I sure hope I wasn't called a tramp lol yikes, he left her long before meeting me and he was living away from his home town before a good few years before we met. I have been nothing more then respectful to her, and shown her children that same. He tries his hardest to make contact with his kids when he can't see them, or have them and she's the one acting like it's just HER kids only. When hes around she's acting like she needs him to help, yet when he's not it's like he doesnt exist. I met him in early 2011, he saw his kids and seems like when we got more seroius she acted a certain way. I went to their sons T ball game, and when he first called to say he was going she said we? An he said yeah, me and my girlfriend. I am not a stranger to his kids, I like his kids and he likes mine so I like them around. I  know how the ex's new other works, my XDH has a new wife not gf and I had  issues with her mothering them too much.
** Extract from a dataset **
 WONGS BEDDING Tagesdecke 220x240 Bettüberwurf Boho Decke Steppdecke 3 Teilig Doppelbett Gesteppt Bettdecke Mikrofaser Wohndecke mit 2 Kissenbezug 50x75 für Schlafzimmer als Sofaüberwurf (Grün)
At the end of the day, as long as she likes my kids and takes care of them she is called by her name an given respect. I wish he'd just go to court my bf to get more rights, he's more then willing to help but not all exs are as good to co parent being fair. i get she has them more, she needs the $ to help yet he has them when he does and drives there on his own dime. An it's not even reported on the papers for FOC for them. He's waiting on a call to change it, I know what a dead beat father is and someone who tries along with a babies momma who just wants to be greedy. 

My point on the FB stat was just a yikes reaction, her business oh well yet really I couldn't do that. I keep my personal dating stuff like that DL, or a close group of friends I can trust and sure in hell not in public access. My person feeling, and hope at least she keeps it away from her children. Was a rant was all, she's the % of babies momma that you want to slap and get in their head to understand more.